## Work order
Exclude the pictures and reproduce the remaining data exactly as written.

Short text fragments from websites
|---|

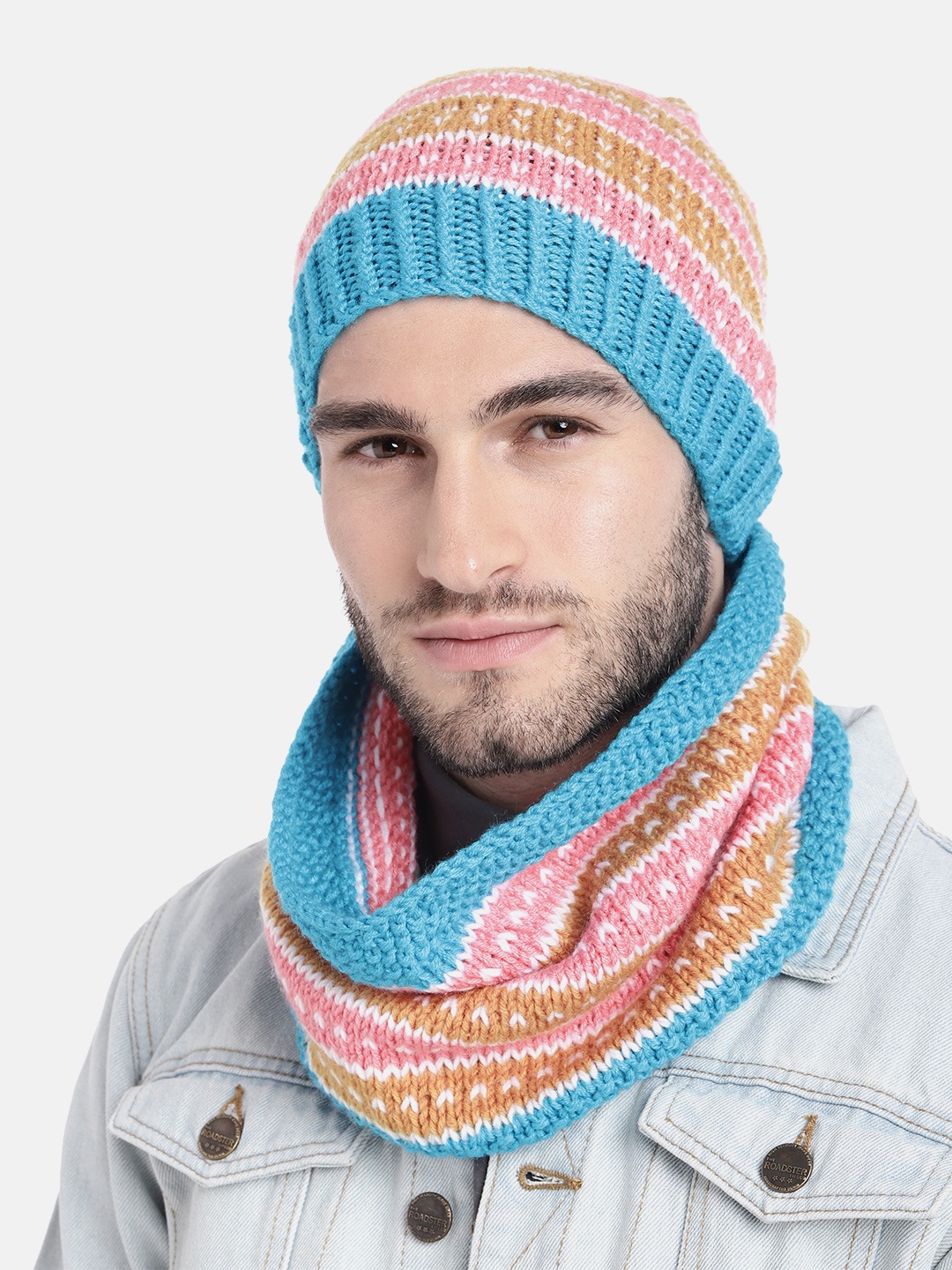 

Magic Needles Men Blue & Pink Beanie with Neck Warmer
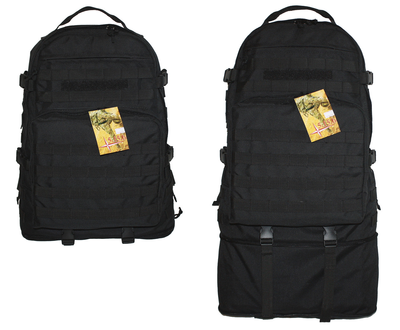 Тактический туристический супер-крепкий рюкзак трансформер 45-65 литров чёрный Кордура POLY 900 ден 5.15.b с поясным ремнем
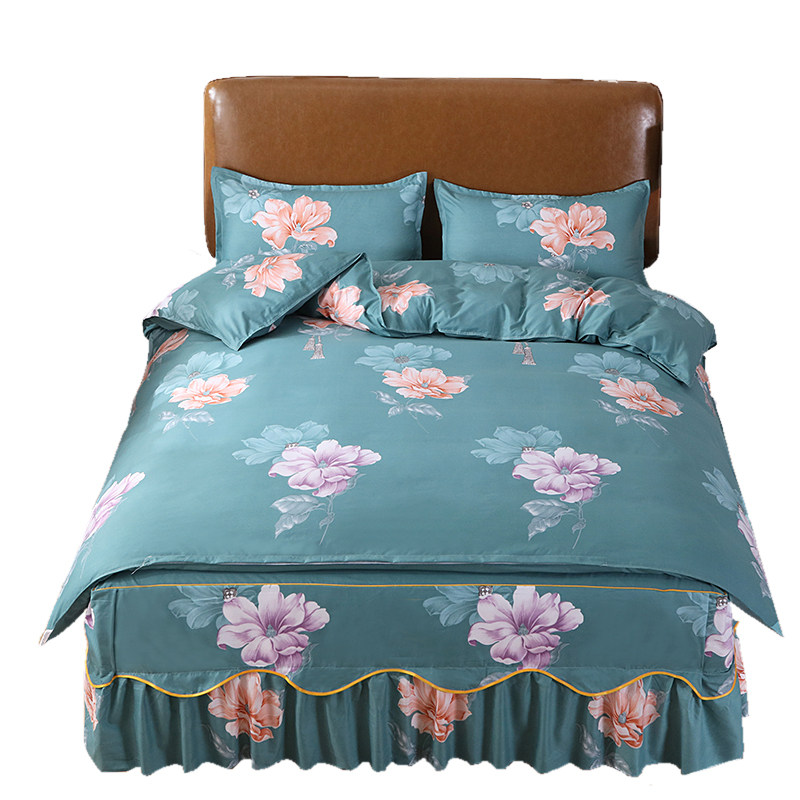 简约全棉床裙四件套防滑式床品床单被套简约现代纯棉床罩床上用品,淘宝优惠券,粉丝福利购,淘宝优惠卷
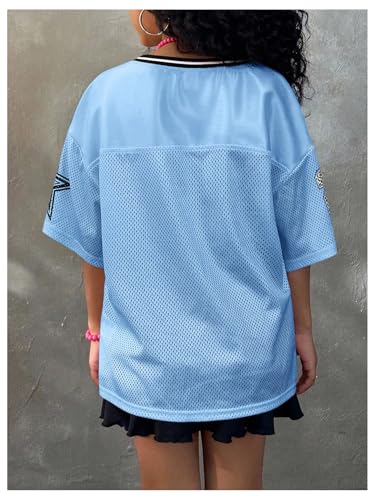 Image of BEAUDRM Girl's Jersey Shirts Leopard Number Print Jersey Shirt Cheetah V Neck Half Sleeve Oversized Tee Tops
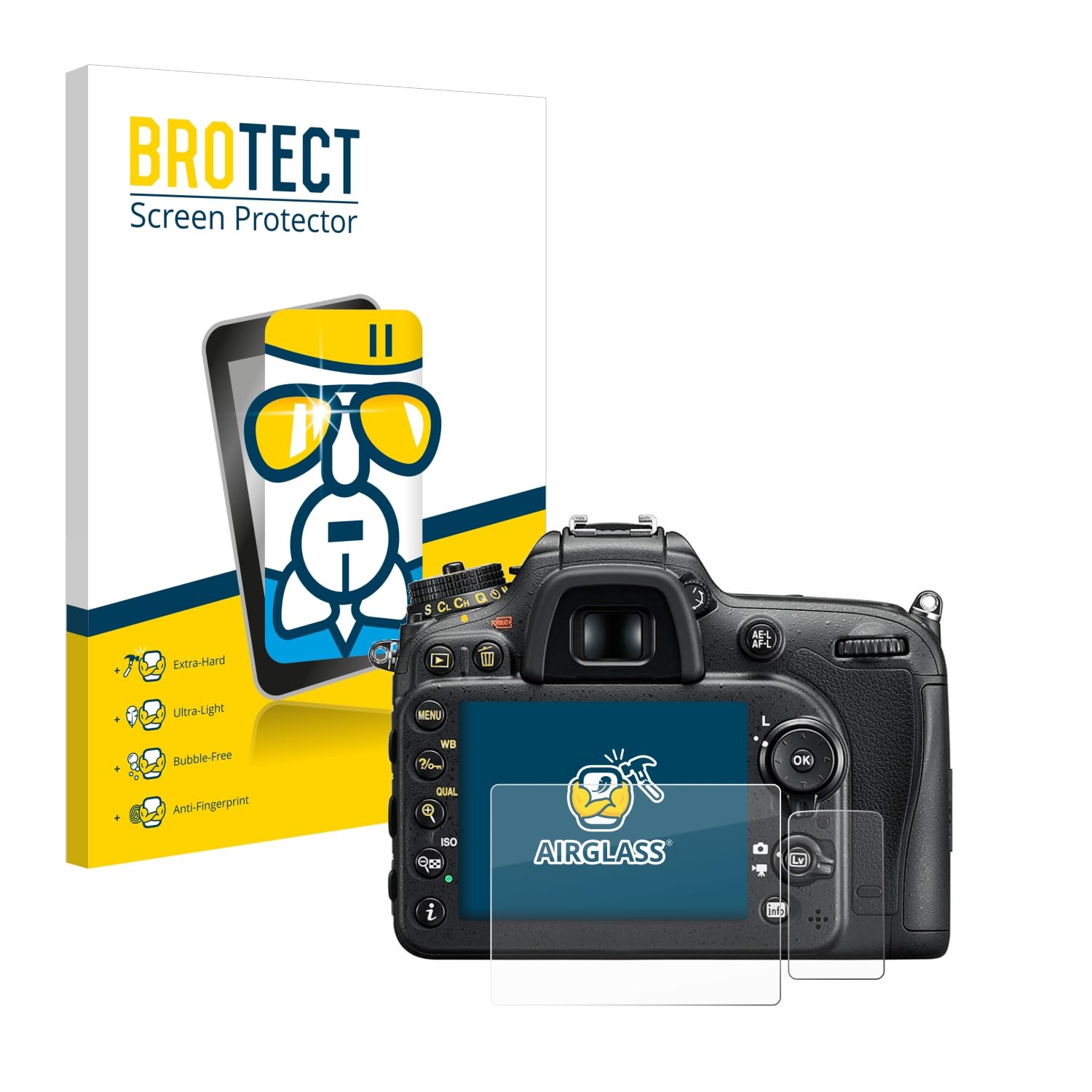 BROTECT Schutzglas für Nikon D7200 Schutzfolie Made in Germany Panzer Folie Glas Displayschutz [Extrem Kratzfest 9H, Anti-Fingerprint,Transparent]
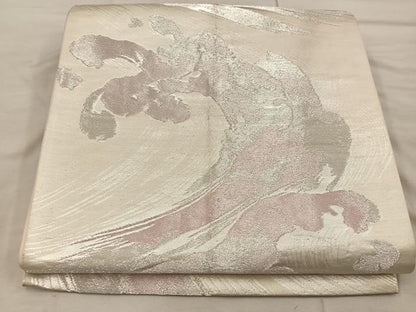 平和屋着物◎六通柄 京袋帯 立波文 銀糸 正絹 逸品 BAAX1252mz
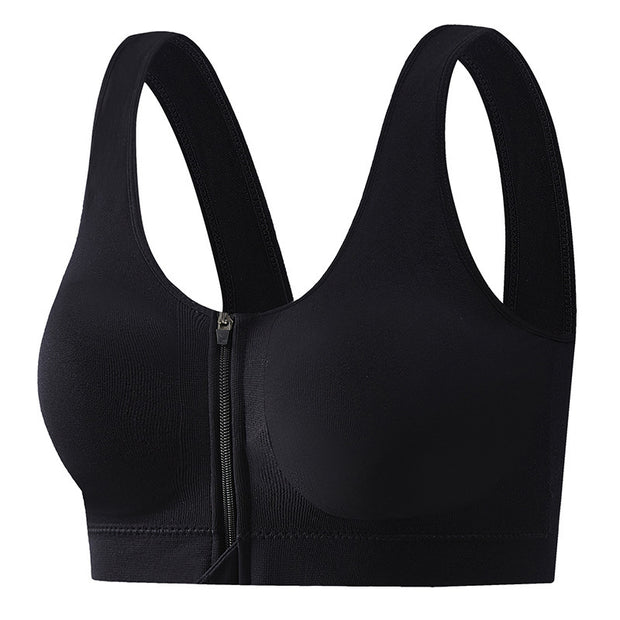 Front Zipper Sports Bra Shockproof High Strength Beauty Back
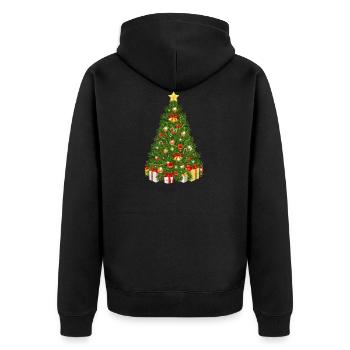 Weihnachtsbaum - Unisex Premium Bio Zip Hoodie - Schwarz - Hinten - Nico (187cm)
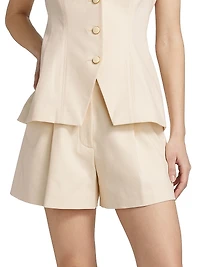 Devina Pleated Stretch-Cotton Shorts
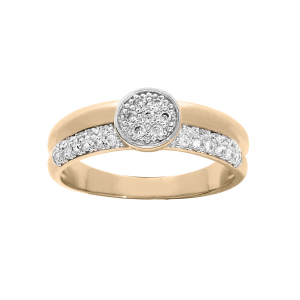 BAGUE PLAQUÉ OR GRAND DIAMETRE PAVÉ OXYDES BLANCS SERTIS
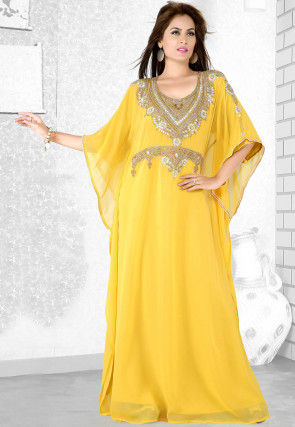 Embroidered Georgette Kaftan in Yellow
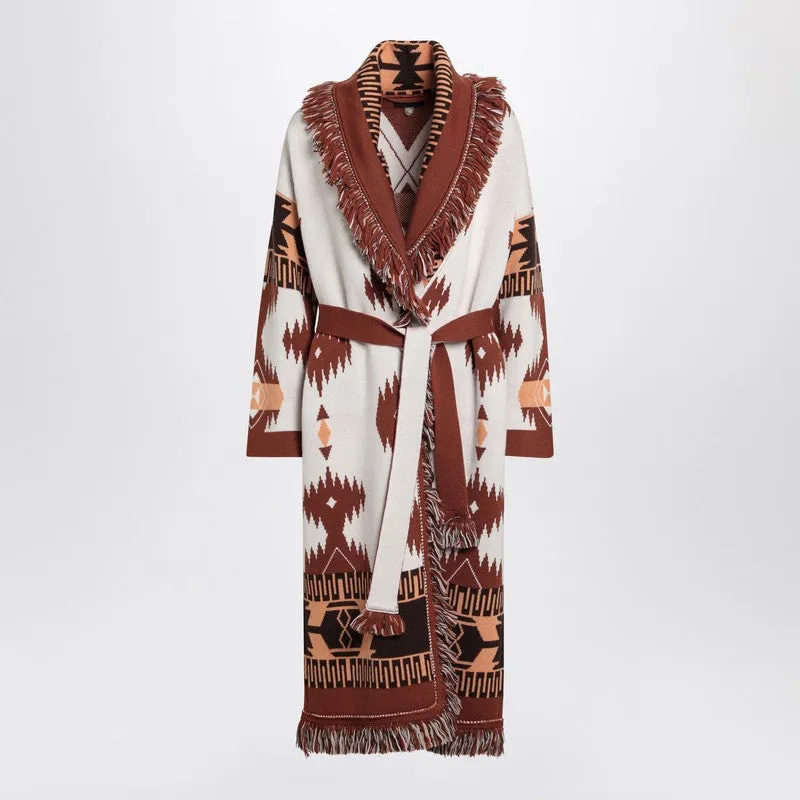 Alanui Long cardigan Icon Jacquard white/brown sold by Lord & Taylor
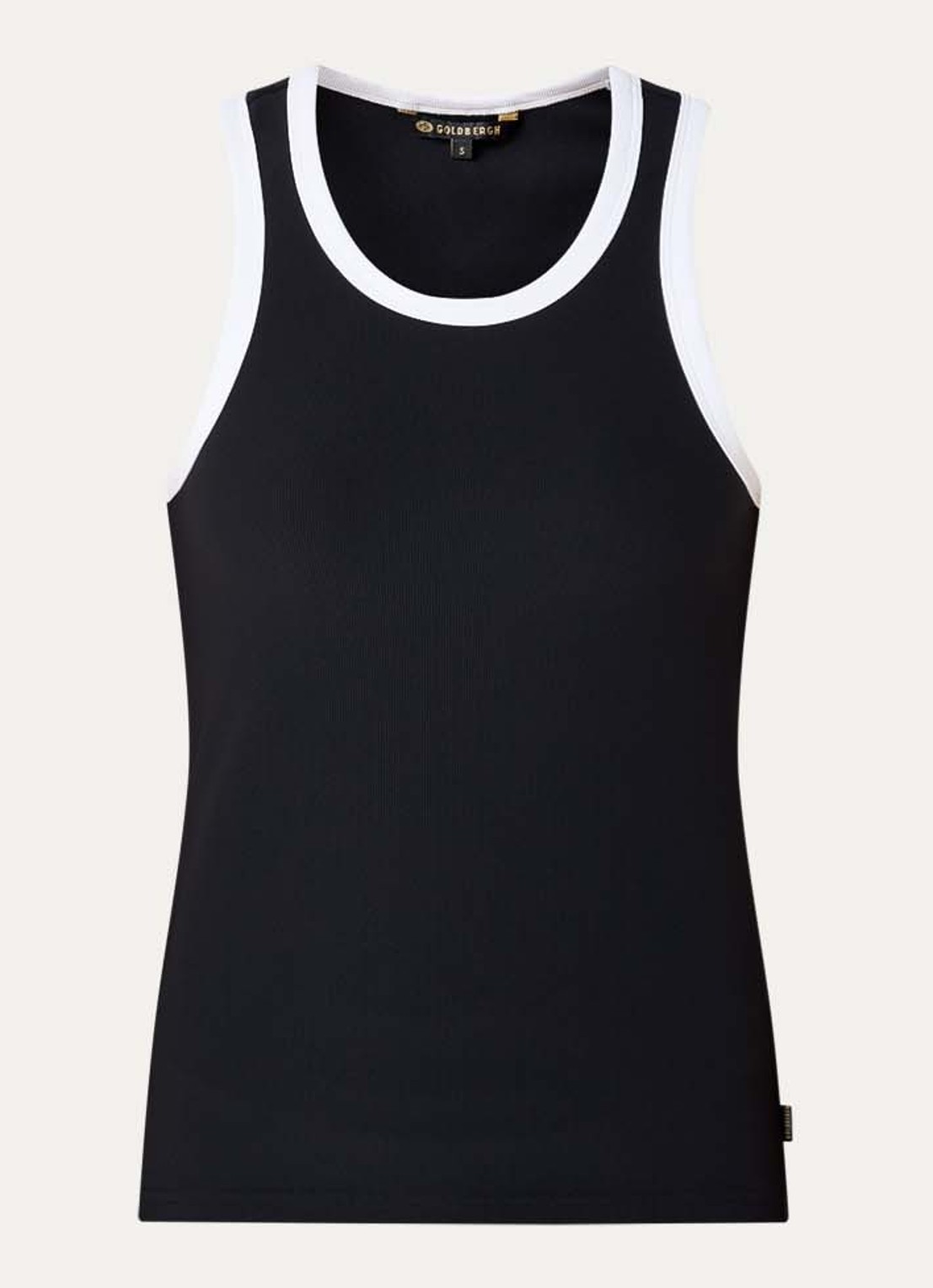 Goldbergh Gabrielle tanktop met ronde hals - voorkant zwart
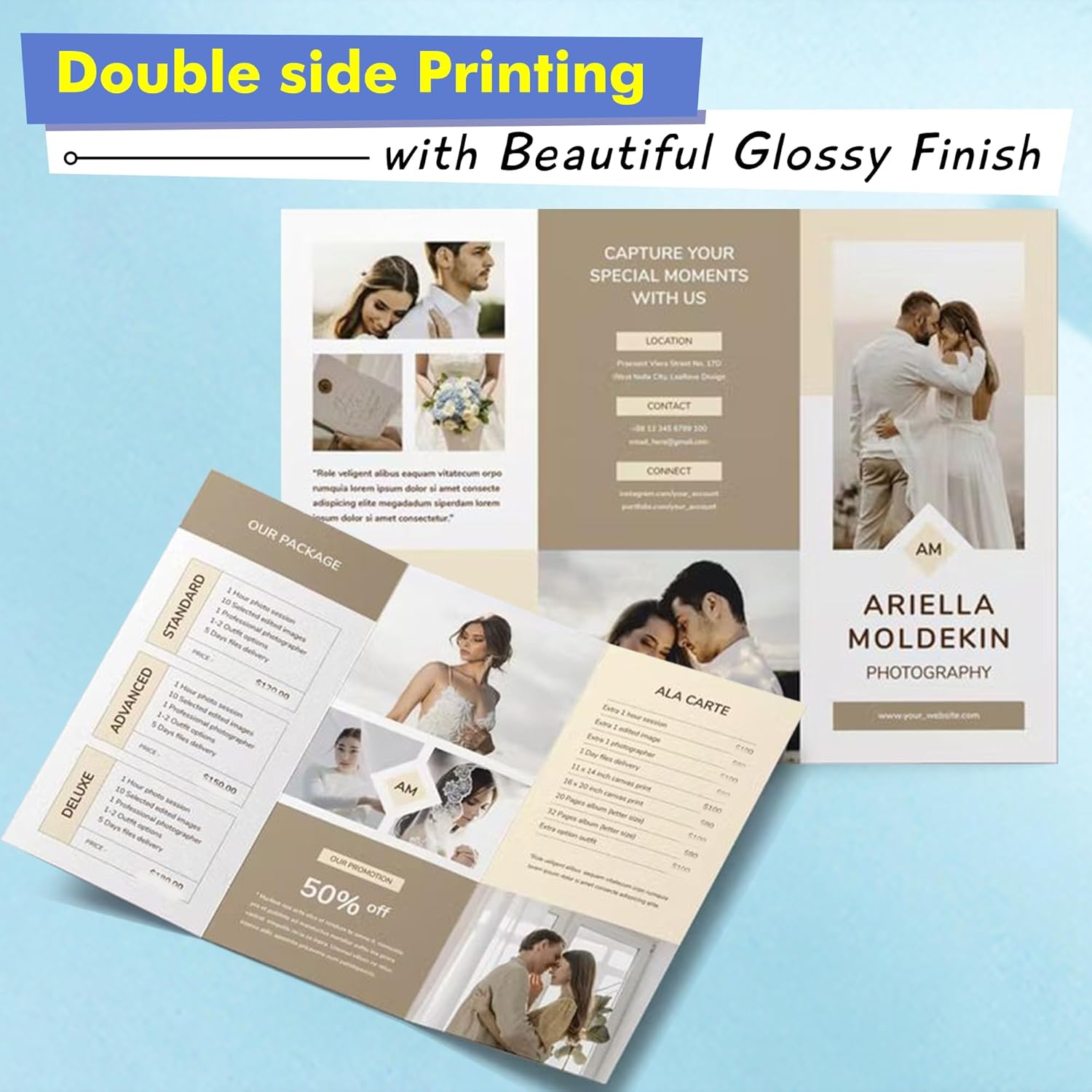 Koala Thick Photo Paper Double-sided Glossy Heavyweight Paper 8.5X11 Inches 80LB 100 Sheets 300GSM Cardstock Compatible with Inkjet Printer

|---|

## Solution to the exercise
Magic Needles Men Blue & Pink Beanie with Neck Warmer
 Тактический туристический супер-крепкий рюкзак трансформер 45-65 литров чёрный Кордура POLY 900 ден 5.15.b с поясным ремнем
 简约全棉床裙四件套防滑式床品床单被套简约现代纯棉床罩床上用品,淘宝优惠券,粉丝福利购,淘宝优惠卷
 Image of BEAUDRM Girl's Jersey Shirts Leopard Number Print Jersey Shirt Cheetah V Neck Half Sleeve Oversized Tee Tops
 BROTECT Schutzglas für Nikon D7200 Schutzfolie Made in Germany Panzer Folie Glas Displayschutz [Extrem Kratzfest 9H, Anti-Fingerprint,Transparent]
 平和屋着物◎六通柄 京袋帯 立波文 銀糸 正絹 逸品 BAAX1252mz
 Front Zipper Sports Bra Shockproof High Strength Beauty Back
 Weihnachtsbaum - Unisex Premium Bio Zip Hoodie - Schwarz - Hinten - Nico (187cm)
 Devina Pleated Stretch-Cotton Shorts
 BAGUE PLAQUÉ OR GRAND DIAMETRE PAVÉ OXYDES BLANCS SERTIS
 Embroidered Georgette Kaftan in Yellow
 Alanui Long cardigan Icon Jacquard white/brown sold by Lord & Taylor
 Goldbergh Gabrielle tanktop met ronde hals - voorkant zwart
 Koala Thick Photo Paper Double-sided Glossy Heavyweight Paper 8.5X11 Inches 80LB 100 Sheets 300GSM Cardstock Compatible with Inkjet Printer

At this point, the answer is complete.